The deep sea is still relatively unexplored, but pioneering Southampton researchers have discovered deep-sea vents teeming with new life and valuable metals such as gold, platinum and copper.
As precious metal resources on land increasingly become a cause for concern, we could consider looking to the oceans to provide the means to support our technology-led society.
Two teams of scientists from the National Oceanography Centre Southampton have been the first to discover deep-sea vents and the marine life around them in the Caribbean and the Antarctic. In collaboration with the Natural Environment Research Council, a team led by marine geochemist Dr Doug Connelly and marine biologist Dr Jon Copley has found the world’s most extreme deepsea volcanic vents 5km down in a rift in the Caribbean sea floor, while a team led by Professor Paul Tyler has discovered a new set of deep-sea volcanic vents in the chilly waters of the Southern Ocean.
In 2013 a new team, led by the University's Dr Jon Copley, has returned to the Cayman Trough with high-definition cameras and sampling equipment. They are accompanied by the BBC's Science Editor, David Shukman. Read more about the latest expedition.
Missing puzzle piece
Doug explains that the deep-sea vents in the Cayman Trough, an undersea trench south of the Cayman Islands, are the world’s deepest known ‘black smoker’ vents, so called for the smoky-looking hot fluids that gush from them. The undersea hot springs, which lie 0.8km deeper than any seen before, may be hotter than 450°C and shoot a jet of mineral-laden water more than a kilometre into the ocean above.

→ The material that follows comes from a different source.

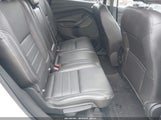 Ford Escape Titanium 1FMCU9JX0EUB42927 fotografie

During an expedition in April 2010 aboard the Royal Research Ship James Cook, Doug and Jon’s team used the National Oceanography Centre’s robot submarine called Autosub6000 and a deep-diving vehicle, HyBIS, manufactured by the British firm, Hydro-Lek to locate and study the vents.
Mining for minerals
The vents, which the team named the Beebe Vent Field after the first scientist to venture into the deep ocean, gush hot fluids that are unusually rich in copper, and shoot a jet of mineral-laden water four times higher than any known deep-sea vents into the ocean above, explains Doug.
“As well as scientific interest, there is an economic interest in copper as well as other metals such as platinum and gold,” he says. Although they were not able to measure the temperature of the vents directly, the hot fluids and the presence of copper deposits indicate that these vents may be hotter than 450°C. “These vents may be one of the few places on the planet where we can study reactions between rocks and supercritical fluids – liquids that behave like gases – at extreme temperatures and pressures,” Doug adds.
“More than half of our planet is deep ocean and we are increasingly using this resource for different things such as fishing and extracting oil and gas. We are also starting to see mining for metals such as copper and iron from the sea floor,” says Jon. “But we don’t yet fully understand what governs the patterns of life down there. If we want to make responsible decisions about how to use the oceans sustainably, it is imperative we get the understanding and knowledge of the habitat,” he adds.